Saya tak hendak bernostalgia dengan memberi judul tulisan ini memori. Saya baru saja selesai membaca sebuah buku yang berjudul MEMORI KERJA DAN PROSES BELAJAR karya Susan E. Gathercole.
(Membaca buku tersebut membuat saya menyesali tahun-tahun mengajar saya yang telah lewat, terutama proses remedial terhadap siswa-siswa dengan kemampuan “low”)
Selama ini orang lebih banyak mengenal memori jangka pendek dan memori jangka panjang. Ternyata ada jenis memori yang justru berkaitan dengan setiap aktivitas kita yang dinamakan memori kerja. Memori kerja adalah kemampuan untuk menyimpan dan memanfaatkan informasi dalam waktu singkat. Memori kerja ini dapat melibatkan memori jangka pendek maupun memori jangka panjang. Memori kerja adalah memori yang kita pakai saat kita melakukan sebuah aktivitas yang melibatkan aktivitas mental.

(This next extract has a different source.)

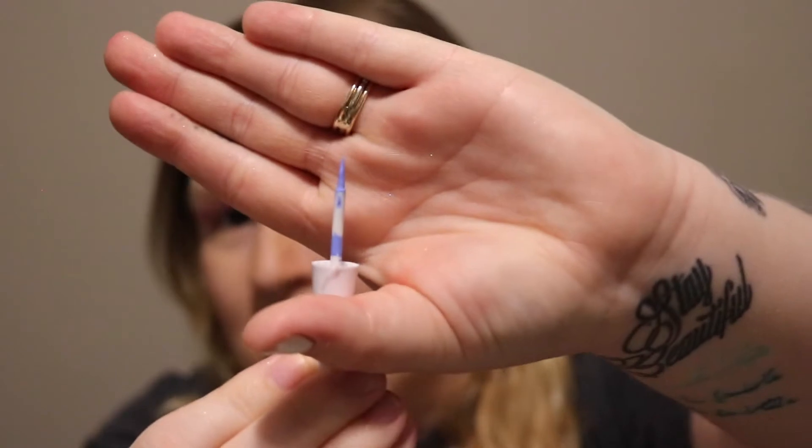Today we are doing first impressions on the Wet and Wild Mega Liner liquid eyeliner. It comes in this really pretty blue color. I swatched this on my hand earlier and it literally did not move after washing my hands three times with soap. Look at just how pigmented that is!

Contoh pemakaian memori kerja adalah saat kita melakukan perhitungan mental misalkan 67 kali 85 dengan tanpa menggunakan kertas dan pinsil. Mungkin yang pertama kita lakukan adalah mengalikan 60 kali 80, dan menyimpan hasil perkalian tersebut dalam hati, untuk kemudian melakukan proses selanjutnya. Atau mungkin ada yang mengalikan dulu 67 dengan 100 untuk kemudian dikurangi 67 kali 10 dikurangi lagi 67 kali 5. Cara apapun yang kita pakai, proses perhitungan mental tersebut menggunakan memori kerja. Contoh lain adalah ketika anda mengikuti sebuah petunjuk untuk sampai disebuah tempat. Ketika anda sedang berjalan sambil mengingat-ingat untuk “belok ke kanan setelah toko buku” saat itu anda sedang memanfaatkan memori kerja anda.

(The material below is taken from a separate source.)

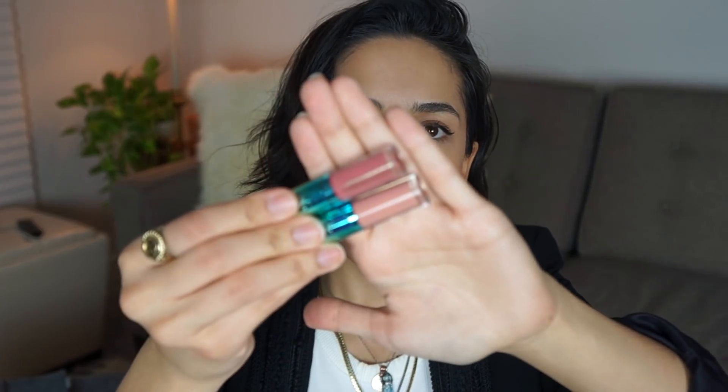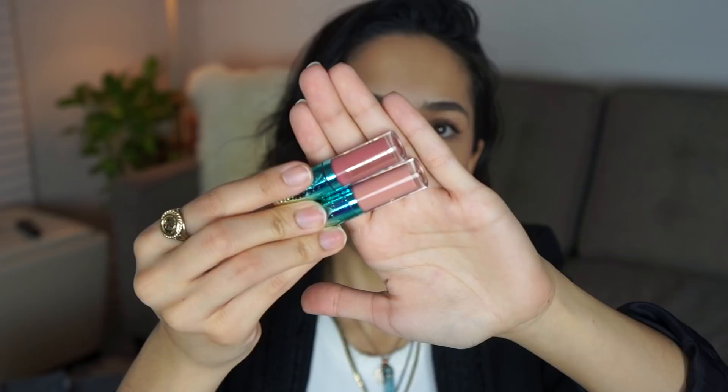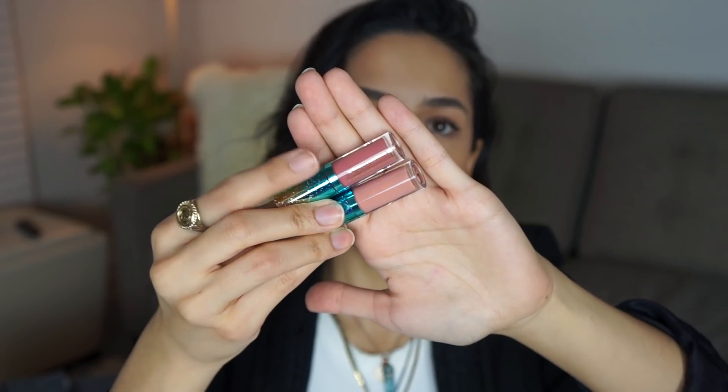This is from one of the previous sets — it's the same product but in the color Hang Tan, and you can see how much darker that is. I really like the older one; it's a color I can just throw on and leave. But for me, the Sundress shade is something I have to put over a nude lipstick. It's grown on me though — I really do like it now.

Kapasitas memori kerja setiap orang berbeda-beda. Anak-anak dengan kesulitan belajar membaca dan berhitung biasanya memiliki kapasitas memori kerja yang juga rendah. Itu sebabnya mungkin anda mendapati murid anda duduk manis memperhatikan setiap ucapan anda, tapi ketika anda cek dia sama sekali tidak tahu apa yang anda bicarakan. Atau mungkin anda pernah menyuruh murid anda untuk membereskan alat-alat tulis, mengangkat bangku ke meja, dan duduk berkelompok diatas karpet. Anda mendapati seorang siswa mencoba membereskan alat tulisnya, tapi begitu melihat teman-temannya duduk berkelompok diatas karpet, dia langsung bergabung dengan teman-temannya, mengabaikan alat tulisnya yang belum rapi dan tidak mengangkat bangkunya. Dan itu sebetulnya sama sekali bukan sikap membangkang atau mengabaikan perintah. Kapasitas memori kerjanya tidak mampu menampung semua perintah itu sekaligus.

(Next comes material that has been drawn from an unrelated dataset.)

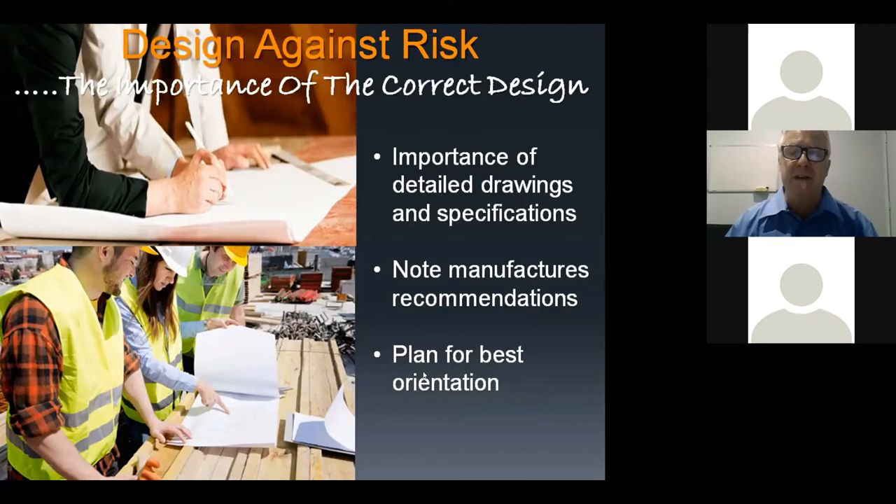On the left, a fully exposed northwest orientation gives you a uniform driftwood grey. The same timber on an east or south wall barely weathers at all and maintains its colour. When designing a building, you need to take this into the design process — depending on what look the client wants, knowing that one side may weather grey while the other stays relatively fresh allows you to design much more effectively.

Ada beberapa strategi yang dapat dilakukan guru untuk membantu siswa dengan kemampuan memori rendah. Diantara strategi –strategi tersebut adalah mengurangi beban memori kerja, dan melatih siswa untuk mengembangkan strateginya sendiri yang mendukung memori kerja. Hanya saja, ketika kita ingin seluruh siswa kita terlayani dengan baik, semua kebutuhannya terakomodasi dalam aktivitas pembelajaran dikelas, perkembangannya terpantau perindividu, seluruh strategi dicurahkan untuk mendukung perkembangan siswa, membuat saya sampai pada sebuah pertanyaan: berapa sebetulnya rasio ideal guru dan murid?
nengmetty said: dibayar berapa om? ....hehehe.....
ReplyDeletejarene tulus, lah kok malah minta bayaran he..he...tak traktir makan baso ajah, gimana?
nitafebri said: Tergantung tuh..untuk anak berkebutuhan khusus sebaiknya 1 : 5kalau SD negri sebaiknya 1:30 dg pertimbangan kapasitas karena biasanya sekolah negri muridnya over bgt dlm satu kelas jadinya tidak semua bisa mendapat perhatian guru.Klau di SD swasta biasanya 1:20/25 itu di rasa itu menurut saya looh..Gak tau deh klau menurut yg lain..
ReplyDeleteIdealnya begitu ya?Sekolah saya sudah nyaris ngalah-ngalahin SD negeri nih dalam hal rasio siswa dan guru ^_^
nengmetty said: berapa sebetulnya rasio ideal guru dan murid?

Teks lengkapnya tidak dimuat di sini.